What Is Not Guaranteed¶
NG1: Which P a G runs on¶
User code cannot predict the P. A G created on P0 may run on any P after the first steal.
NG2: Order of execution between Gs¶
The runtime does not guarantee that Gs run in creation order. runnext may reorder; stealing may reorder; netpoll Gs are unordered.
NG3: Steal latency¶
The 1 μs typical latency is empirical, not guaranteed. Under heavy contention or pathological scheduling, latency can spike to milliseconds.
NG4: GOMAXPROCS is exactly the parallelism cap¶
GOMAXPROCS caps the number of Ps, which caps the number of user-Go-code-running Ms at any instant. But other Ms (sysmon, GC workers, M-pool) exist. Total OS thread count may be GOMAXPROCS + 4 or more.
NG5: Spinning Ms are always present¶
If nmspinning is 0, that may be a transient state during a transition. Do not rely on nmspinning > 0.
NG6: runqsteal always succeeds when victim has work¶
The CAS in runqgrab can lose to other thieves. The thief retries, but if many thieves contend on the same victim, individual attempts may fail repeatedly. Eventual success is guaranteed; per-attempt success is not.
Standards and References¶
- Robert D. Blumofe and Charles E. Leiserson, Scheduling Multithreaded Computations by Work Stealing, Journal of the ACM 46(5), 1999. The theoretical foundation. Proves the T_1/P + O(T_∞) bound.
- Matteo Frigo, Charles E. Leiserson, Keith H. Randall, The Implementation of the Cilk-5 Multithreaded Language, PLDI 1998. Engineering details, including the THE protocol.

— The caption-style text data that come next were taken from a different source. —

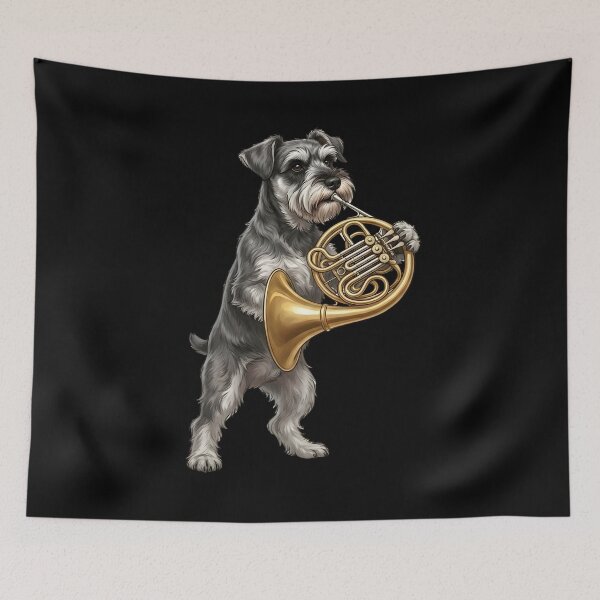 Item preview, Miniature Schnauzer Playing French Horn Player Dog Lover designed and sold by DoodleTortle.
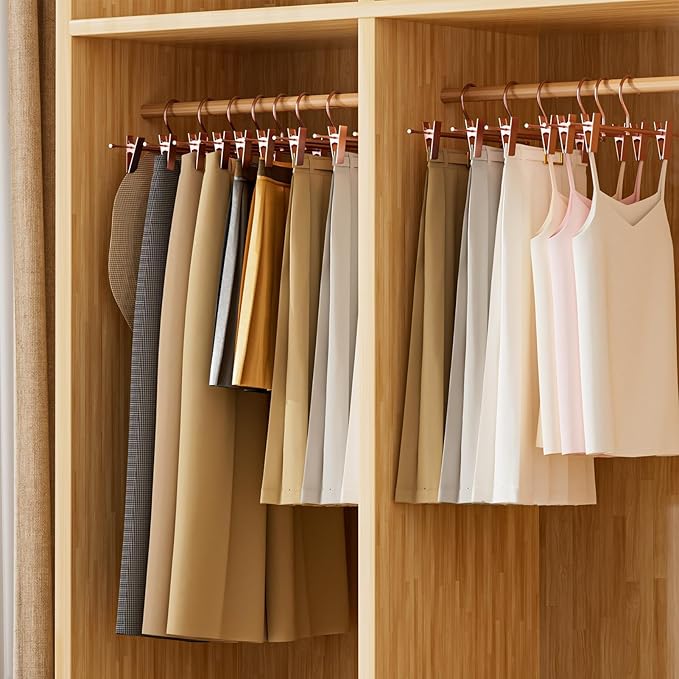 Matte Rose Gold Aluminum Pants Hangers 10 Pack, Lightweight Skirt Hangers with 360°Swivel Hooks and Non-Slip Adjustable Clips for Trousers, Skirts, Jeans, Kids & Adults, Durable, Space-Saving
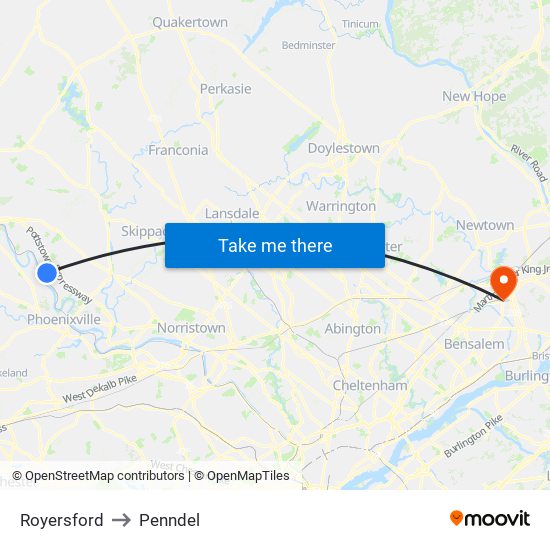 Royersford to Penndel map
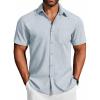 COOFANDY Men’s Button Down Shirts Short Sleeve Casual Shirts Summer Beach Linen Shirts with Pocket(Blue)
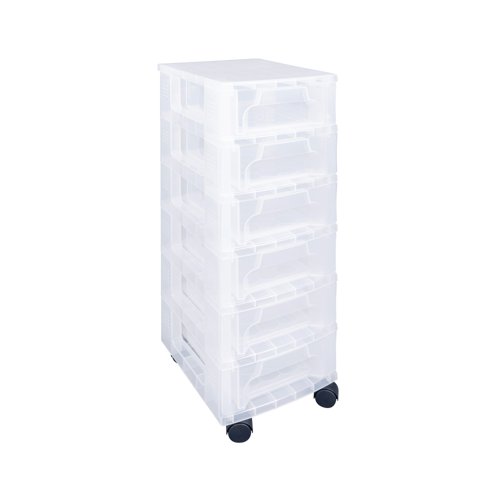 Really Useful Slimline 6 Drawer Storage Tower 3.5L Clear ST6x3.5C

- Dmitry Vyukov, Scalable Go Scheduler Design Doc, 2012. The Go 1.1 redesign. Available at
https://golang.org/s/go11sched. - Go runtime
src/runtime/HACKING.md. Lock ranks, invariants, debugging notes. - Go memory model document,
https://go.dev/ref/mem. Acquire-release semantics forsync/atomic. - POSIX
pthreads— Ms map to POSIX threads. Stealing operates above the thread boundary. - C11/C++11 memory model. Go's atomics align with the acquire-release primitives from these standards.
Summary¶
Work stealing in Go is governed by a small set of invariants:
- Each runnable G is in exactly one runqueue location.
- Stealing is half-take from a random victim, lock-free via CAS.
nmspinningis maintained to be ≥ 1 while work exists.- The 1-in-61 rule prevents GRQ starvation.
- Async preemption + sysmon keep work-conservation real.
- Memory order via acquire-release atomics on
runqhead/runqtail. - The LRQ is bounded (256); overflow goes to the unbounded GRQ.
What is guaranteed: liveness, no double-run, no lost work, eventual fairness. What is not: a specific P for a G, exact ordering, steal latency upper bound under contention.
These invariants are enforced by the runtime source. They are stable contracts that user code can rely on across Go versions (1.14+ at least).